Search the material and gather each line with "Gold" in it.

### Record set
• • • • • • •
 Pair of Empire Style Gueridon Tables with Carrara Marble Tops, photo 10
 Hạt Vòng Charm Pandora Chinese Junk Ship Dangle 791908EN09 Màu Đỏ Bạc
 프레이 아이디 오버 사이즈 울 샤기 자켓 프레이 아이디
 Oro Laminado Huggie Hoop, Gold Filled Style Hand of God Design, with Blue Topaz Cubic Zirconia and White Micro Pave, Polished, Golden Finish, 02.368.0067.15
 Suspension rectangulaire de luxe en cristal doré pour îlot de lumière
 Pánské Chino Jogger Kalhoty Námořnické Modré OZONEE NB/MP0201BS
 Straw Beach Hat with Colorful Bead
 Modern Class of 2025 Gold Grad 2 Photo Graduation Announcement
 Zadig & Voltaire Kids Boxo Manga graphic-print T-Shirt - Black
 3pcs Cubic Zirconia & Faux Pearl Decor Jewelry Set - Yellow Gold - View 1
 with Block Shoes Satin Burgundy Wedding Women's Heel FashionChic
• • • • • • •
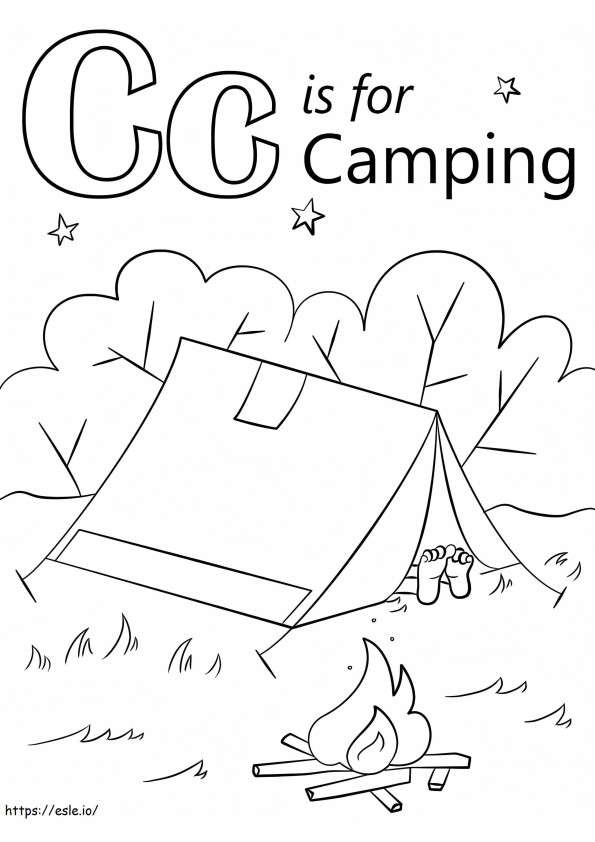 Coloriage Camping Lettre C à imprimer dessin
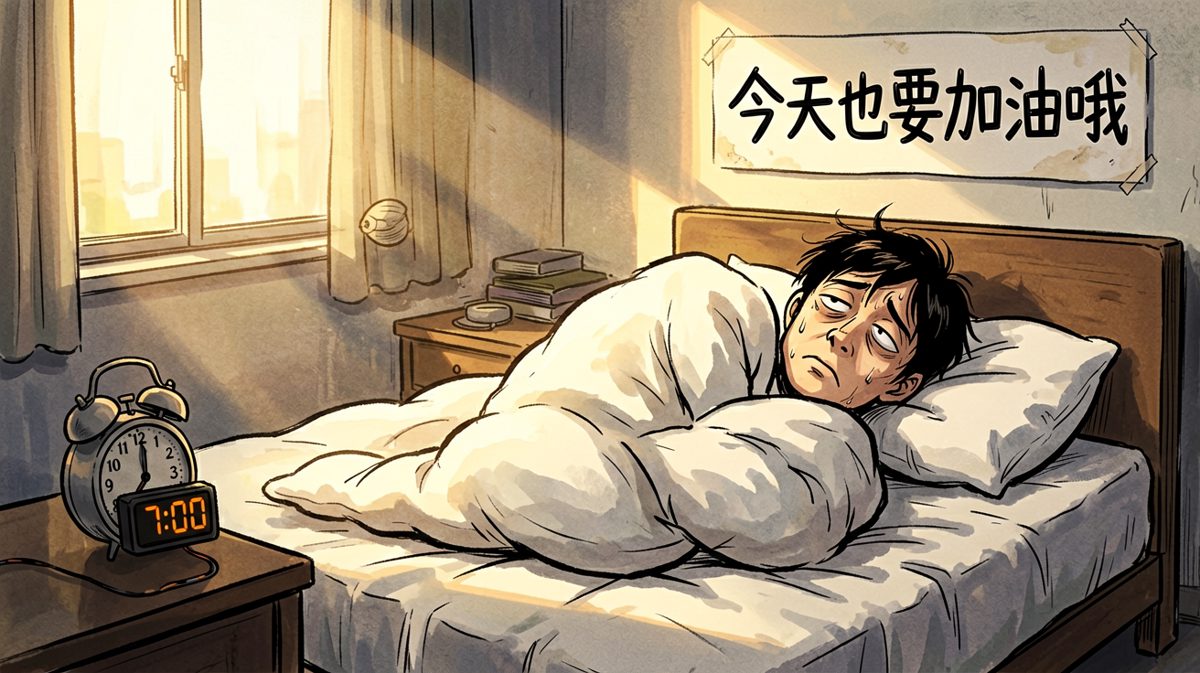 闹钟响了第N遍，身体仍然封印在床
• • • • • • •
### Expected answer
 Oro Laminado Huggie Hoop, Gold Filled Style Hand of God Design, with Blue Topaz Cubic Zirconia and White Micro Pave, Polished, Golden Finish, 02.368.0067.15
 Modern Class of 2025 Gold Grad 2 Photo Graduation Announcement
 3pcs Cubic Zirconia & Faux Pearl Decor Jewelry Set - Yellow Gold - View 1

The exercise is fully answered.